When to Escalate Excessive Node Churn

Escalate if you observe:

  • Nodes repeatedly created and deleted within minutes
  • Large numbers of nodes cycling continuously
  • Pods never stabilizing or constantly restarting
  • NodeClaims flapping without ever producing Ready nodes
  • Churn affecting on-demand or critical workloads

These patterns often indicate:

  • Misconfigured NodePools or constraints
  • Cloud capacity or quota issues
  • Node startup failures (AMI, bootstrap, CNI)

Basic Corrective Actions

These actions are safe and may resolve transient issues.

Restart the Karpenter Controller

kubectl rollout restart deployment/karpenter -n karpenter

Re-trigger Scheduling

Scaling a workload can force re-evaluation of pending pods:

kubectl scale deployment <name> --replicas=<n>

Forcing Karpenter to Replace a Node (Cordon / Drain / Delete)

In some situations, a node may be stuck, misconfigured, or unhealthy, even though Karpenter itself is working correctly.

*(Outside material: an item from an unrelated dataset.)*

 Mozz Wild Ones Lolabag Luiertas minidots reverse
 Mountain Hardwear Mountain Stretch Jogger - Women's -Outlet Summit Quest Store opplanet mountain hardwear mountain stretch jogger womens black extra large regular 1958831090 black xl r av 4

In these cases, it can be reasonable to force Karpenter to replace the node.

This approach makes sense when:

  • A node remains NotReady for an extended period
  • Node-level DaemonSets (especially CNI / networking) have failed
  • The node is clearly unhealthy, but Karpenter is not removing it automatically

Step 1: Cordon the Node

Prevent new pods from being scheduled onto the node:

kubectl cordon <node-name>

Step 2: Drain the Node

Evict existing pods from the node:

kubectl drain <node-name> --ignore-daemonsets --delete-emptydir-data

This will cause pods to be rescheduled elsewhere.

Step 3: Delete the Node

Remove the node from the cluster:

kubectl delete node <node-name>

Once the node is deleted, Karpenter will observe the resulting unschedulable pods and provision replacement capacity if needed.

Important Notes
  • Draining a node will disrupt running workloads
  • Do not do this if many nodes are NotReady at the same time — this usually indicates a broader cluster or networking issue
  • Always inspect what is running on the node first to ensure no single‑replica or non‑HA workloads will be disrupted:
    kubectl get pods --all-namespaces -o wide --field-selector spec.nodeName=<node-name>
  • If you are unsure whether workloads on the node can tolerate disruption, escalate instead of proceeding
  • Do not do this for multiple nodes at once unless explicitly instructed
  • This is a recovery step, not routine maintenance

When Not to Intervene

Do not restart or modify Karpenter or manually remove nodes if:

  • Nodes are actively being created
  • Pods are pending on launching nodes
  • Errors indicate temporary cloud capacity shortages

In these cases, waiting is often the correct action.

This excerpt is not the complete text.